How unsafe is mmap?

But I really want mmap to yield a "real" &[u8] without any gotchas so I can actually use that memory like any other memory, almost as much in C as in Rust.

Hence I think I would rather have the semantics of mmap be extended, e.g. adding a MAP_SNAPSHOT flag as a sort of converse to MAP_PRIVATE so that I get a page with a copy of the original file content as soon as someone else modifies the underlying file and hence can safely work with a void* or &[u8] without caring about what other processes do. (I wonder what the performance of such a flag implemented in e.g. the Linux kernel would be and whether this creates a class of local denial of service attacks.)

4 Likes

On Linux, I believe if the "sticky" bit is set on the file, then, Linux enforces "Mandatory Locks". So, you could have an MMAP API that returned reference/slices when it has checked that the underlying file has the sticky-bit checked and that the appropriate lock has been taken. Any UB at that point would be the result of a malicious/misbehaving other application on the system that has permissions need to muck with things. At that point, that is not something Rust can ever protect against and would be out-of-scope as far as UB is concerned. Is that not the case?

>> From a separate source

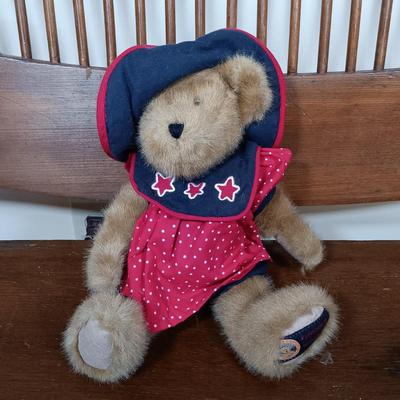 LOT 131: Campbell's Soup Pirate Boy with Boyd's Bears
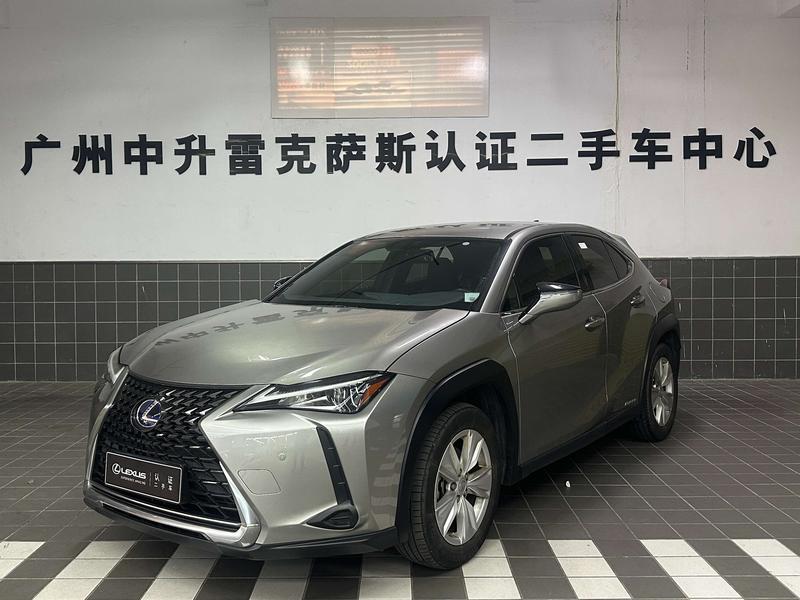 Lexus UX - фото 0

See: https://www.in-ulm.de/~mascheck/various/permissions/mandatory.txt.html

1 Like

From the manual page of fcntl:

Mandatory locking
       Warning:  the  Linux implementation of mandatory locking is unreliable.  See BUGS below.  Because of these bugs, and the fact that the feature is believed to be little used, since Linux 4.5, mandatory locking has been made an optional feature, governed by a
       configuration option (CONFIG_MANDATORY_FILE_LOCKING).  This is an initial step toward removing this feature completely.
2 Likes

Question for you: Are advisory locks sufficient? If they aren't, then nothing is to my mind because a malicious/misbehaving other application process can always screw up my memory if it has the right permissions and any UB from that wouldn't be the fault or purview of Rust to correct. If a process/application has permission to futz with a file that I'm futzing with, then we are in a sort of mutual trust relationship whereby we both agree to "Play by the Rules". In this case, use of "Advisory Locks" appropriately. Would it not, in that case, be OK for Rust MMAP implementation to treat Advisory Locks as if they were mandatory? Any UB would not be the result of Rust.

1 Like

But it's not "real", as it does not have the same aliasing guarantees which must be upheld by &[u8]. If we'll get reliable cross-platform locks (I guess target degree of reliability is up for discussion), then it can be made "real". You can safely get *const u8, the thing you actually work with in C, but again you will need unsafe to use it. Having "fake" &[u8] may break stuff. (e.g. &[u8] to &str conversion, compiler mis-optimizations, etc.)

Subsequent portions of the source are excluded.